United Rentals continued its strong specialty rental growth in 2024, a trend it expects to continue to surge in 2025, CEO Matthew Flannery told a conference call of investors this week.

“Specialty rental revenue grew an impressive 24 percent year over year and a strong 15 percent even if you exclude the benefits of the Yak acquisition,” Flannery said. “Our cross-selling efforts helped fuel growth across all of our product offerings, and furthermore we added 15 cold starts in the quarter, putting us at 57 year to date.”

Flannery said third quarter growth trends were similar to the second quarter. “We saw growth in both construction, led by non-res, and our industrial end markets with particular strength in manufacturing. It will come as no surprise that we again had multiple new projects in the quarter across data centers, airports, healthcare and battery manufacturing, to name a few.”

In the used market, United sold a third quarter record amount of equipment, speaking to the strengths of demand in the marketplace. “As we replace this equipment and buy additional fleet to meet our customer needs, we spend almost $1.3 billion on capex in the third quarter,” Flannery said. “We continue to see opportunity to put fleet on rent and our full-year guidance reflects a tightened capex range with the midpoint unchanged.”

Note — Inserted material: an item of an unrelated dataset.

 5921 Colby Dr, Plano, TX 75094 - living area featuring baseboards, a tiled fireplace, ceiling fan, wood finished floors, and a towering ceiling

Flannery said United has good momentum heading into 2025, which is looking like another strong year of growth, Flannery added. “The tailwinds for a multitude of large complex projects are still in the early innings, and we believe we’re uniquely positioned as the partner of choice with our customer. To support these initiatives, we continue to make investments in optimizing operations for both ourselves and our customers. For example, we’re investing in our next generation telematics products which help customers gain new insights into their own operations and allow our technicians to prioritize their workflow and best manage our fleet.

Tool tracking system

United Rentals recently announced an innovative new technology. “Our ProBox OnDemand is a Bluetooth-enabled automated tool tracking system which ensures workers have the right tools where and when they need them, and tracks tools in real time to significantly reduce worksite loss,” Flannery said

In other developments, Flannery talked about the staff in the field responding quickly to customer needs after devastating damage caused by Hurricanes Helene and Milton.

“In both instances, we were immediate to respond, putting our proven United Rentals playbook to work and providing our customers with the support needed to start the clean-up and rebuild process,” Flannery said.

Flannery is optimistic about the coming year. “The tailwinds that we talk about with mega projects, infrastructure and the like really plays to our one-stop shop full-value offering,” he said. “That also helps specialty drive more growth.”

Flannery said the company will announce its capex plans in the next conference call in January after it solidifies its planning process.